Liczba wyświetleń w zeszłym tygodniu

piątek, 19 maja 2017

Podróżnictwo

Zgromadzenie sędziów Sądu Najwyższego wzywa prezydenta i premier Szydło do dyskusji o zmianach w sądownictwie. Te bowiem, które są obecnie proponowane godzą w niezawisłość sędziowską i trójpodział władzy w Polsce. Podważają więc podstawy demokracji. Władza zaś swych pomysłów nie konsultowała z nikim, poza własnymi funkcjonariuszami.
Rzecz jest skomplikowana, bo prezydent się wprawdzie próbował opowiadać przeciwko nowym regulacjom rynku farmaceutycznego, ale ostatecznie podpisał stosowną ustawę, również konsultowaną wyłącznie z politykami partii rządzącej. W wyniku tego nie tylko mogą wzrosnąć ceny leków, ale i upadnie polska sieć  aptek o nazwie “Dbam o zdrowie”. Wszystko zaś wbrew zapewnieniom o wspieraniu przez rząd zarówno konsumentów, jak i rodzimego kapitału.
Nic dziwnego, że aż 64% respondentów sondażu IBRiS, przeprowadzonego dla “Rzeczpospolitej” uważa prezydenta za niesamodzielnego w swoich decyzjach. Można by się tym nie przejmować, gdyby nie pani Beata Kempa. Na konferencji resortu środowiska w Toruniu powitała zgromadzonych “wedle godności, urzędu” zaczynając od biskupów i ojca Rydzyka, a prezydenta wymieniając po ministrze środowiska i ministrach, chociaż jednak przed parlamentarzystami. W tej sytuacji nawoływanie prezydenta do dyskusji może być mało skuteczne.
Jeżdżąc po Polsce zrodził się program PiS. Tak wczoraj dosłownie powiedziała pani premier.
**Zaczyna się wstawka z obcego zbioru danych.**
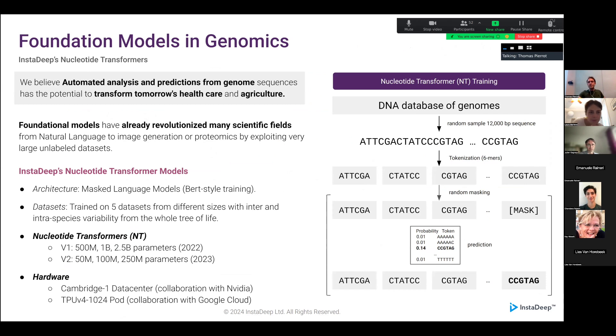That obviously also aligns with the company directions and our acquisition with BioNTech, where we're now using these models for lots of applications internally.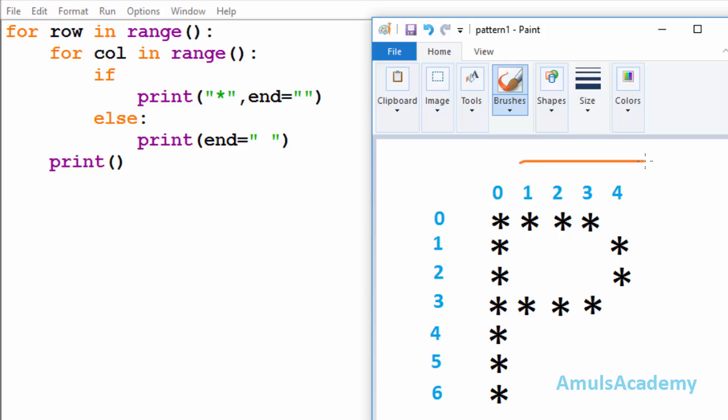Alright, this is our output and here we can see stars in different rows and columns. To print stars in different rows and columns we are using two for loops — one is to print stars in rows and another one is to print stars in columns. Here we can see seven rows and five columns.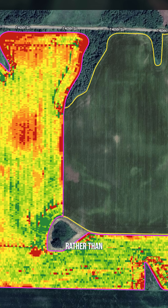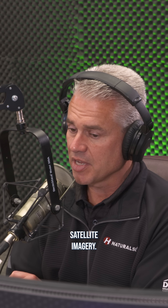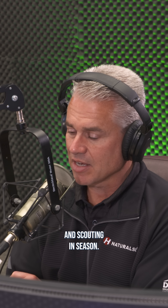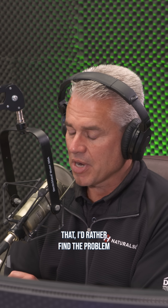I prefer harvest maps rather than satellite imagery. Satellite imagery to me is more about scouting and scouting in-season. Now, as I say that, I'd rather find the problem before it shows up on satellite imagery.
Może by więc temu programowi należało zalecić podróż chociażby po uczelniach, aby się odrodził w formie bardziej zbliżonej do litery prawa?

2 komentarze:

  1. Konstruowanie zdań z użyciem imiesłowów sprawia trudności nie tylko premier Szydło. Takie kwiatki można znaleźć w polskiej literaturze współczesnej i w przekładach a już w internecie to się od tego typu błędów roi. "Na chwilę obecną" jest te "ewidentne" - podobnie jak "zapazurkowane" zwroty.

    OdpowiedzUsuń
  2. Ba. Wszystko się upowszechnia, także możliwość publicznych wystąpień. Mnożą się zatem również błędy przekazu.
    Pół biedy, kiedy rzecz dotyczy sfery języka. Gorzej, że temu towarzyszą merytoryczne "pomyłki".
    Trudno się też oprzeć wrażeniu, że pierwsze niedoskonałości zapowiadają drugie.